JL: I don’t say yes to everything. Early on in your career, it feels like you need to, and I had a time in my life when I did say yes to everything. I have a complicated relationship with that time, because some people see that as what started my career as an emerging theater artist in the Bay Area.

I was working on projects non-stop. If anyone needed something, I was the person to do it. I owe a lot of relationships that I have now to that time. But, by the end of it I was very unhappy.  

I also went through a break up. To avoid thinking about it, I went on overdrive. I kept working and trying to prove something. I even wrote a break up play, which turned out to be the first play of mine produced outside of college. It still gets performed around Valentine’s Day. Actually, I spent three Valentine’s Day in a row watching a different production of this play!

[Read an excerpt: A Sad Kind of Love Story]

The point is, I eventually burned out. I realized I needed to fix something because as an artist, if I’m putting a mirror to society to reflect life—I actually have to live life. If all I do is work in theater, go to sleep, wake up, and work in more theater, then all I’m qualified to work on are productions about productions. I had to take a step back.

Now, I have more opportunities because people know who I am and I can collaborate with a lot of organizations. I also take days off where I don’t work on anything related to theater, including seeing shows.

I used to ask myself if a project would help my career, and I’ve learned to change the question. Because, yes, everything is going to help your career. But, is it actually fulfilling?


ER: How do you choose which projects to work on next, now that you have the freedom to choose your own?

JL: I’m one of the only artist in my family, so when I decided to be in theater, I had to figure out my why. Why do I need to be an artist? Why do I want to do this?

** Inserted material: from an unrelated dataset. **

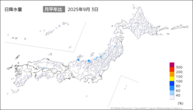 昨日の日降水量の分布図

When I decide on a new project, I ask myself if this project is actually going to be artistically fulfilling for me. Does this have anything to do with my mission as an artist?  


ER: Those are great questions to ask.

JL: Side bar, also very helpful to ask if you are an artist applying to grants.


ER: So, what’s next?

JL: Theater Works just announced their upcoming season, and I’m going to be directing The Language Archive by Julia Cho. This one brings me full circle.

A few years ago, I was in a directing apprenticeship where we had to write an essay on which show we wanted to work on as an Assistant Director. My first choice was Ghost Light by Tony Taccone and my entire essay was about how I wanted to work with the Artistic Director of Berkeley Rep. My second choice was The Language Archive, and my essay was about how much I loved the play. The theater company gave me my second choice, The Language Archive. They told me it was because that’s the show I really wanted to work on. The show itself.

I have never let go of that experience.

[Check Out: The Language Archive by Julia Cho, Directed by Jeffrey Lo this Spring]



To learn more about Jeffrey Lo, check out his website:

Back to Vol. IV: “Wonder”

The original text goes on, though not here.